In preparing its report. HLMG made six visits and the Israeli government granted them “unprecedented access, undoubtedly in excess of what our own countries would afford in similar circumstances”.

The report concluded:

“In the overall conduct of its campaign, the IDF not only met its obligations under the law of armed conflict, but often exceeded them, both on the battlefield and in the humanitarian relief efforts that accompanied its operation. 
“In many cases where the fighting was concerned, this came at significant tactical cost to the IDF. It fought under restrictive rules of engagement and it is obvious that instances existed throughout the conflict where the IDF did not attack lawful military objectives on account of a deliberate policy of restraint.”

It added that “several members of the HLMG expressed strong concerns that the actions and practices of the IDF to prevent collateral damage were so extensive, over and above the requirements of the law of armed conflict, that they would curtail the effectiveness of our own militaries, were they to become constraining norms of warfare enacted in customary law.”

Between 2015 and 2022 HLMG published ten reports giving a favourable view of various Israeli military actions. After that it appears to have become dormant for a while until reactivated in response to the current Gaza conflict. Google searches show no significant activity in the interim and its website hasn't been updated. Its most recent post on X/Twitter congratulates Boris Johnson — “a spirited leader with a sense of history” — on becoming Britain’s prime minister and shows a photo of him in his previous role as foreign secretary holding one of HLMG’s reports ...
  

 
The group’s submission to the International Criminal Court was sent electronically from Madrid and digitally signed by one of its members, Dr Rafael Bardají . Though not ex-military, Bardají is a former national security adviser to the Spanish government. Perhaps, more importantly, in 2010 he was a founder of the Friends of Israel Initiative which funds most if not all of the High Level Military Group’s activities.
 

bardaji signature
The group's memo to the ICC was signed and sent by Rafael Bardají

 
The main function of the Friends of Israel Initiative is to bolster support from non-Jews in the west, based on the questionable claim that Israel’s battles are the west’s battles too. It was set up at the instigation of former Spanish prime minister José María Aznar who had become enamoured with the American neocons.
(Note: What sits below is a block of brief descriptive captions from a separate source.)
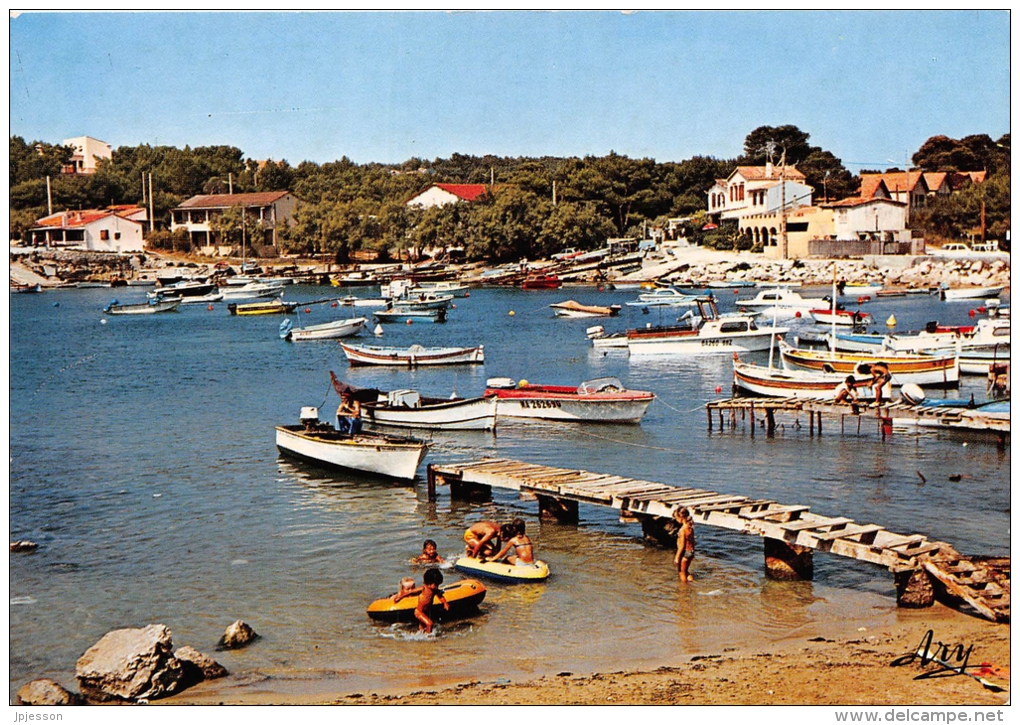 BOUCHES DU RHONE  13  LA COTE BLEUE-LA COURONNE  CALANQUE DES TAMARIS - Autres & Non Classés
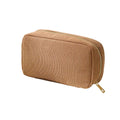 Trousse Toilette Velours Côtelé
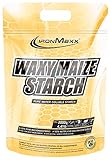 IronMaxx Waxy Maize Starch 2000g | Hochwertiges Kohlenhydratpulver aus Maisstärke | Zuckerfreier und veganer Weightgainer ohne Konservierungsstoffe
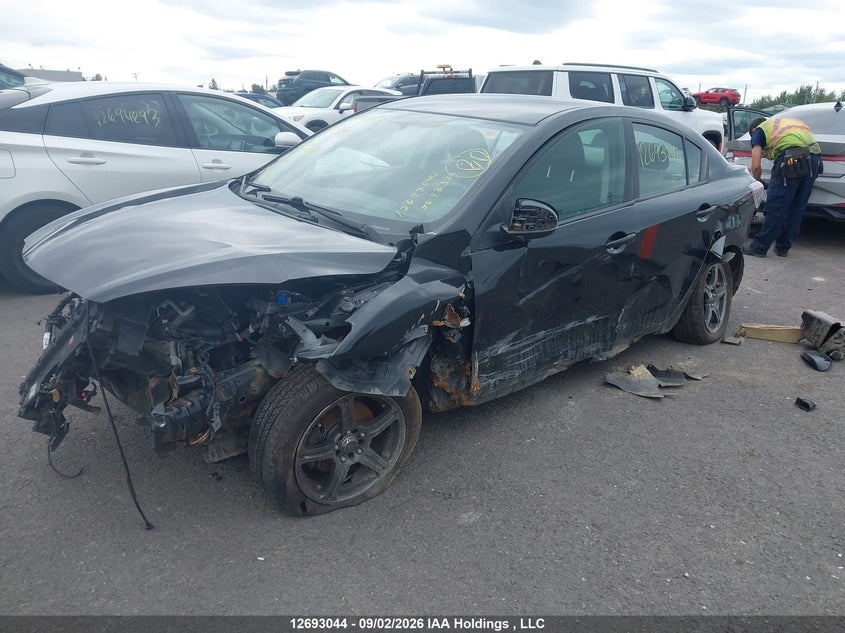 Vin: jm1bl1sf8a1189242, lot: 3132537, mazda mazda3 gs/gx 20102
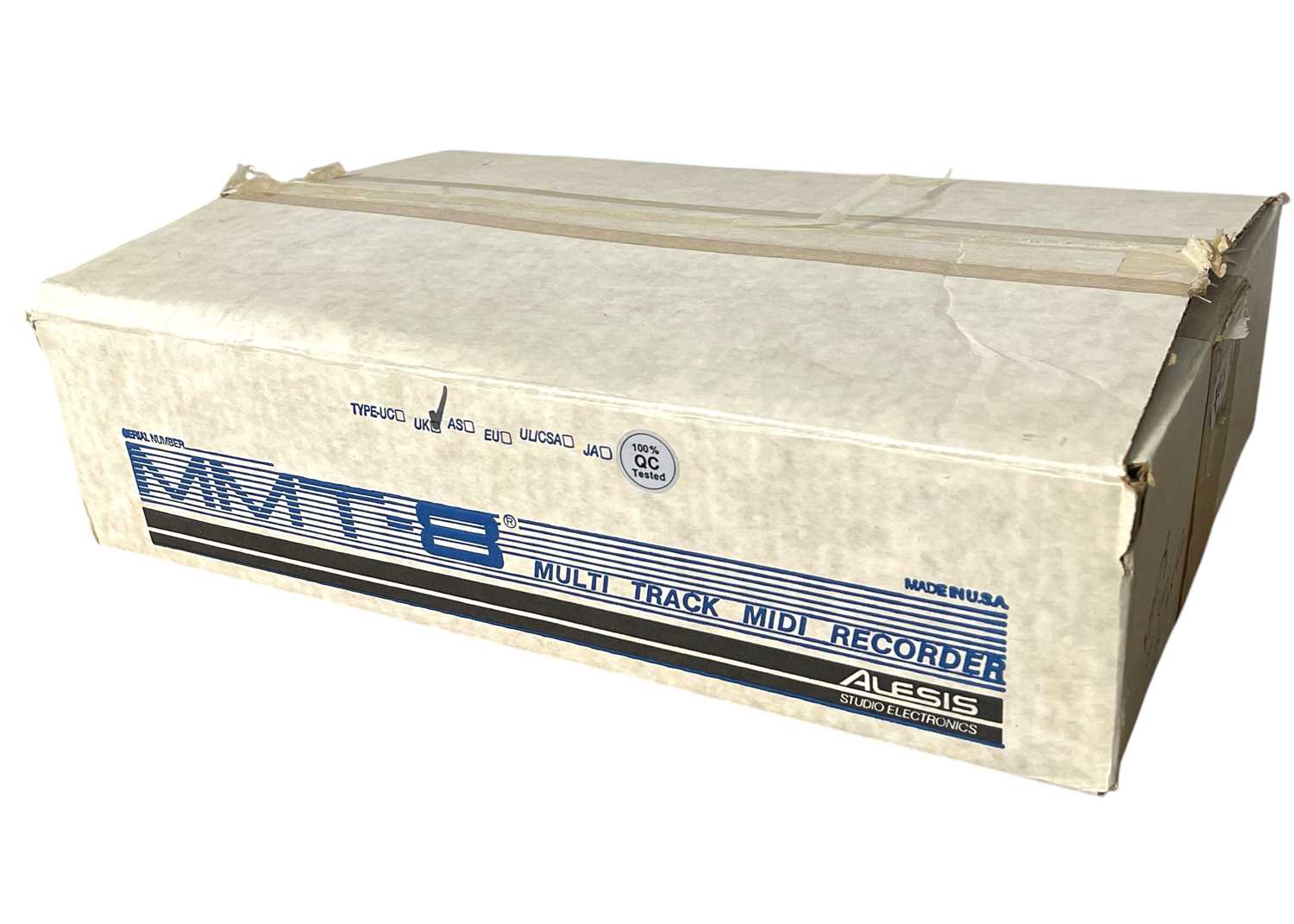 Lot 14 - ALESIS MMT-8 MULTITRACK MIDI RECORDER.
Among those who join were John Bolton (former US ambassador to the UN), Vaclav Havel (former Czech president), Alejandro Toledo (former president of Peru) and Lord David Trimble (former Ulster Unionist leader and Nobel Peace Prize winner).
 

launch of the initiative
Former Spanish prime minister Aznar in 2010 at the launch of the Friends of Israel Initiative in the House of Commons

 
A launch event was held at the House of Commons, sponsored by the right-wing Henry Jackson Society and hosted by Conservative MP Robert Halfon who once comically accused the Board of Deputies of British Jews of having a “left-of-centre agenda”.

The composition of the High Level Military Group has changed over the years but the most recent list, appended to its ICC submission, shows three retired British officers among its 11 members: Major Andrew Fox, Colonel Richard Kemp CBE, and Brigadier Ian Liles OBE.

The other ex-military members are General Vincenzo Camporini (Italy), Admiral Jose Maria Teran (Spain), Brigadier General Alain Lamballe (France), Lieutenant Colonel Geoffrey S Corn (USA) and Lieutenant General David A Deptula (USA).

There are two civilian members in addition to Bardají : Dutch politician Uri Rosenthal and Finnish politician Timo Soini.

Richard Kemp appears to be a particularly active member. He is named as the author of three of the group’s reports. In April he gave testimony to a parliamentary committee, speaking “effectively as a representative” of the HLMG and telling MPs that during the first six months of the current Gaza conflict he had spent most of his time in Israel, including time on the ground in Gaza observing the actions of the IDF.

“Israel is doing all it possibly can to comply with international humanitarian law in Gaza,” he assured the committee. “I have witnessed at first hand exactly the way this has been done.”